Thursday, December 10, 2009

If we believe that the Anglican Communion is worth fighting for ...

... then we might take a moment to read Anglican Curmudgeon's supportive analysis of the role Archbishop Rowan Williams fulfils as Archbishop of Canterbury. It concludes with this paragraph:

"We have thus the best of Archbishops, and the worst of Presiding Bishops. It is the best of times, and the worst of times. This blog is all about "the trials and tribulations of being in the Episcopal Church (USA) and the Anglican Communion at the same time." I shall continue to root for ++Rowan's power of not acting, as the best means of absorbing the blows and outlasting the wounds inflicted by the contumacy of ++Katharine. I am not an apologist for him; both ++Rowan and I know that "help is in the name of the Lord." The more that ++Katharine leads ECUSA down its path of isolation and irrelevancy, the less difficulty there is in seeing the path that is left for ++Rowan: the one that keeps as many together as long as possible, until those who are driving the Communion apart have finally achieved the fulfillment of their self-chosen destiny. For ++Rowan to attempt to impose that destiny on them before they themselves have irrevocably chosen it would be to undermine the very essence of his part in the drama, as the first among equals."
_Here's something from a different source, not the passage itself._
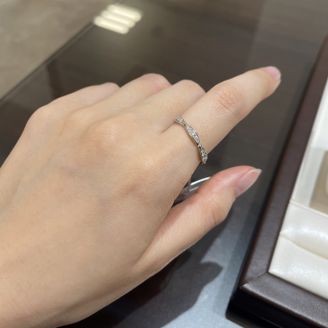 【LUCIE(ルシエ)】の口コミ 全体にダイヤが配置されていてどこから見ても綺麗です。
直線的なデザイン...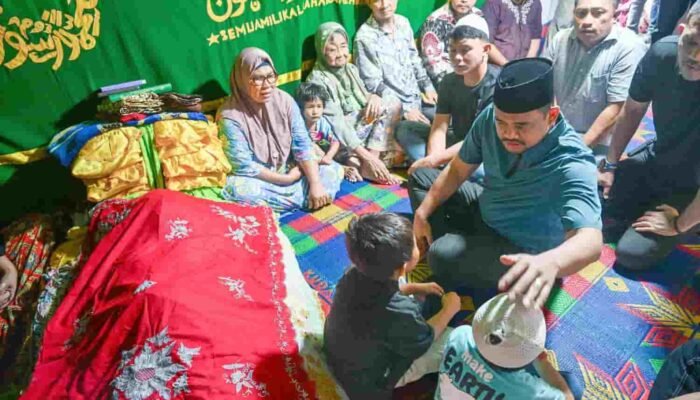 Melayat ke Rumah Duka Nelayan di Nias Selatan, Bobby Nasution Kuliahkan dan Siapkan Pekerjaan untuk Anak Almarhum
With a refilled cup of coffee we could carefully digest the report on the recent meeting of the Inter-Anglican Standing Commission on Unity Faith and Order. Here is an excerpt, notable for its quiet confidence that the Anglican Covenant is going ahead, and for its concern about the Glasspool election:

"The Commission devoted this first meeting to developing a vision that gives expression to its mandate. It sees its role as being a communicative and connection-making body which models and promotes communication and connection-making in the Anglican Communion, within a confident and vibrant expression of our shared faith and life, participating by God's grace in the One Holy Catholic and Apostolic Church of Jesus Christ.
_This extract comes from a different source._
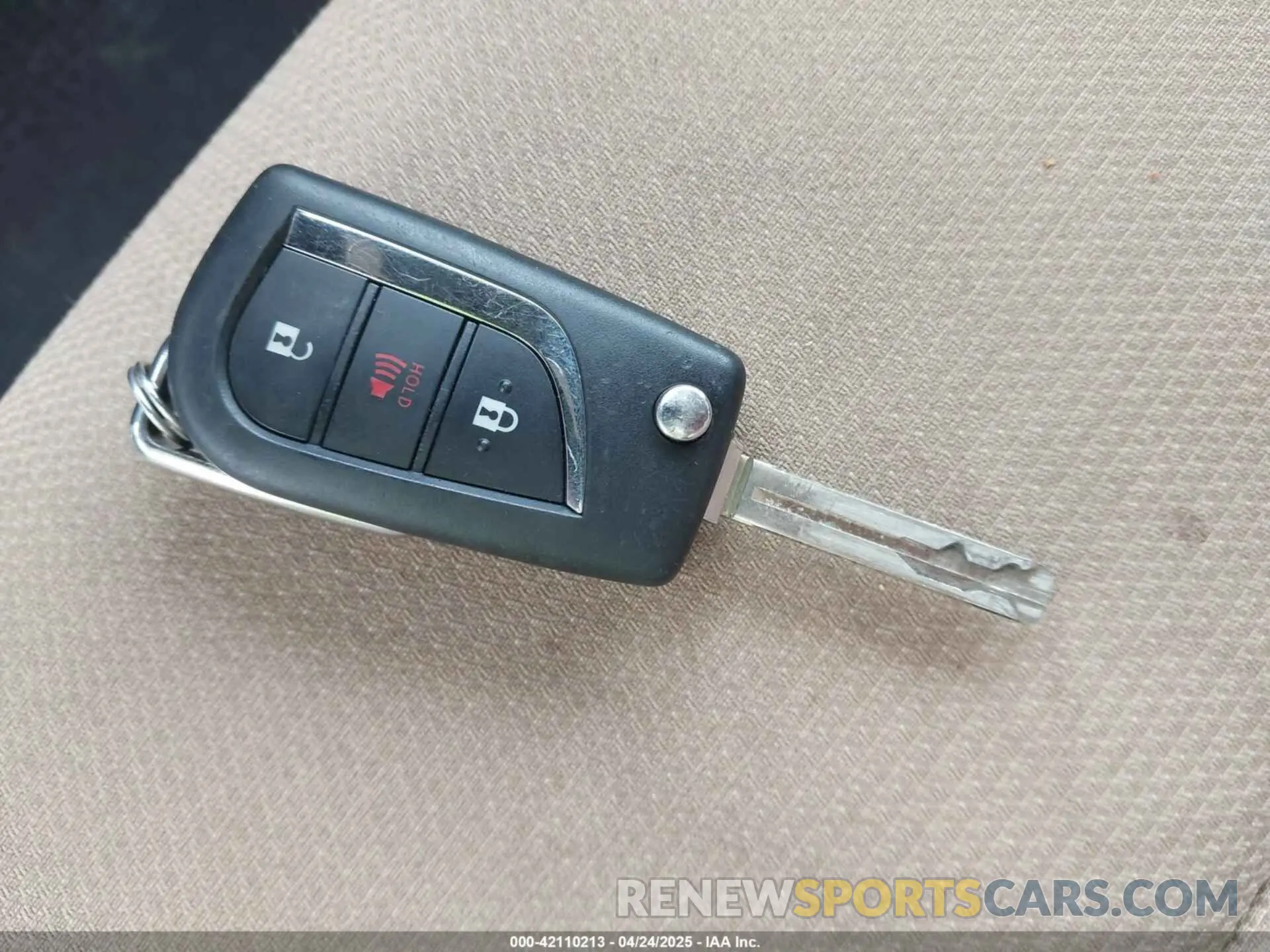 11 Фотография поврежденного автомобиля 4T3LWRFV2PU092379 TOYOTA RAV4 HYBRID 2023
In addition to outlining areas of longer-term work, the Commission committed itself to five immediate tasks:

to undertake a reflection on the Instruments of Communion and relationships among them;

to make a study of the definition and recognition of 'Anglican Churches' and develop guidelines for bishops in the Communion;

to provide supporting material to assist in promoting the Anglican Covenant;

to draft proposals for guided processes of ‘reception’ (how developments and agreements are evaluated, and how appropriate insights are brought into the life of the churches);

to consider the question of ‘transitivity’ (how ecumenical agreements in one region or Province may apply in others).

These tasks, which will be taken forward by working groups consulting electronically between meetings, aim to strengthen the unity, faith and order of the Communion.
An Episcopal election in Los Angeles, which remains to be confirmed or rejected by The Episcopal Church, took place during the meeting and was discussed by the Commission. It noted the words of the Archbishop of Canterbury that ‘the bishops of the Communion have collectively acknowledged that a period of gracious restraint in respect of actions which are contrary to the mind of the Communion is necessary if our bonds of mutual affection are to hold’. The Commission expressed the fervent hope that ‘gracious restraint’ would be exercised by The Episcopal Church in this instance.

Members of the Commission were enriched by sharing accounts of the life of the Anglican Church in each of their own contexts. The Commission also greatly valued an afternoon spent with the Archbishop of Canterbury, during which he shared his own vision for the work of the Commission and his hope that it might act creatively in addressing vital issues for the Church and the world."

But do not worry should the Archbishop or the Commission fail in their work to sustain the life of the Communion. Nor that the Communion might continue to lose Anglicans for other churches, or even to no church, because of those in our midst who continue to make ministerial offices a matter which turns on "discrimination" more than "walking together": such losses are "the cost of discipleship" according to Susan Russell. I shall just go offline and check that out in one of the four manuals of discipleship provided for us by the Holy Spirit!